Because respiratory-burden data only became gradually available in later app versions, the full-adjusted score is only computed from December 2022 onward. The three lines in the chart correspond to three different layers of understanding: the algorithm itself, the subjective experience, and the reality after respiratory issues are accounted for. Notably, this gap didn't open all at once: it first shows up as a mood divergence, and is then stretched further by respiratory burden. What the three lines really answer isn't "which score looks prettier," but: under different rulers, how differently can the same night look?
10 / What the Machine Learned
Everything so far has looked at sleep one piece at a time — bedtime here, a tag there, a rough night over there. In this section I let those pieces compete at once. I trained a model on my more recent nights and asked a more honest question: when bedtime, tags, recent history, and context are all in the room together, which ones still carry weight?1
The answer is both reassuring and a little annoying. Bedtime still runs the show. Night interruptions and late caffeine are real costs. And several tags that looked terrifying in the earlier charts — especially tired and after midnight — lose much of their force once bedtime itself is in the model. The machine didn't uncover some hidden law of sleep. It did something more useful: it helped me separate the cause from the traces it leaves behind.
Sleep quality
Wake-up mood
Technical notes
1 This section mainly uses the more recent years and only variables that are known before sleep. The point is not to maximize fit, but to see which factors still retain explanatory weight when the question stays actionable.
2 The relative weights here are not simple one-variable correlations. They reflect how much signal a factor still carries after it has to share space with the others in the same model.
3 The counterfactual charts are not causal proof. They are model-based one-variable simulations: keep the surrounding context as intact as possible, change one factor, and see which way the prediction moves and by roughly how much.
11 / Afterword
This is an extremely personal sleep analysis, but the questions underneath it probably aren't unique: sleep is multidimensional, the environment matters more than most people think, and the score an algorithm gives you and the morning you actually walk into are not always the same thing.
The model in the last section did not reveal some hidden law of sleep. It did something more honest: it ranked what still survives when everything is tested at once. Bedtime came first. Not exercise, not tags, not the little rituals we like to build stories around. When you fall asleep still outweighs almost everything else, and its damage lands harder on mood than on the score the app shows you.
A few things became harder to ignore after laying all of this out.
Exercise helps, but not all exercise is equal. The kind that grinds down joints and muscles often backfires; the kind that genuinely works the heart and lungs without that wear and tear is where the numbers actually move.
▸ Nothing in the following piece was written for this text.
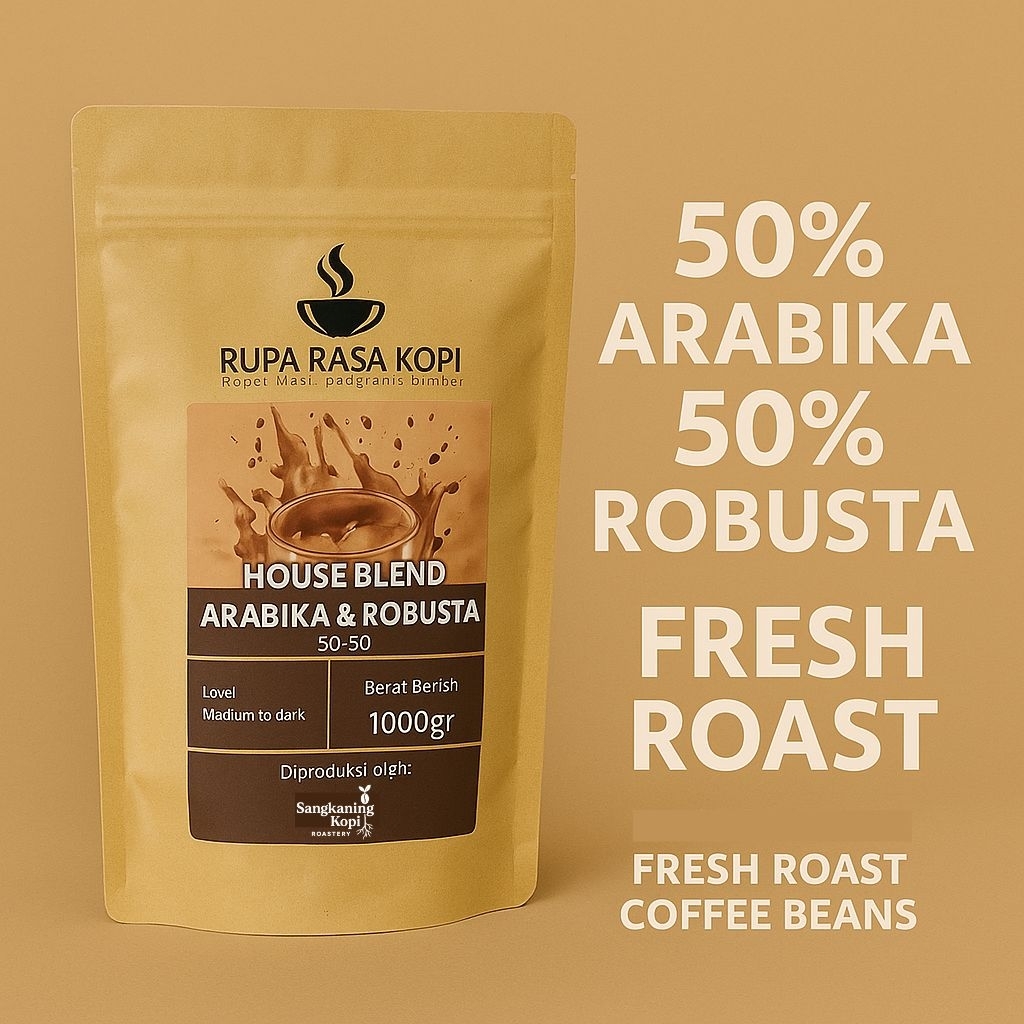 

Biji Kopi House Blend 50% Arabika 50% Robusta – Fresh Roast untuk Espresso & Es Kopi Susu (100gr/200gr/500gr/1kg)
“I'll sleep more tomorrow” does not really hold up. The body seems to repay debt by going to bed earlier, not by stretching a single night. Restoring rhythm matters more than adding volume.
If you have chronic respiratory issues, cold air and dryness are real amplifiers. Humid nights are not just more pleasant; they are often materially easier on a fragile airway.
And if you often feel the score looks fine but something is off, trust the feeling. The algorithm measures movement and sound. It does not measure the morning you have to live through.
The data's real purpose was never to confirm that everything is okay. It was to turn a vague unease into something you can point at, examine, and maybe begin to change.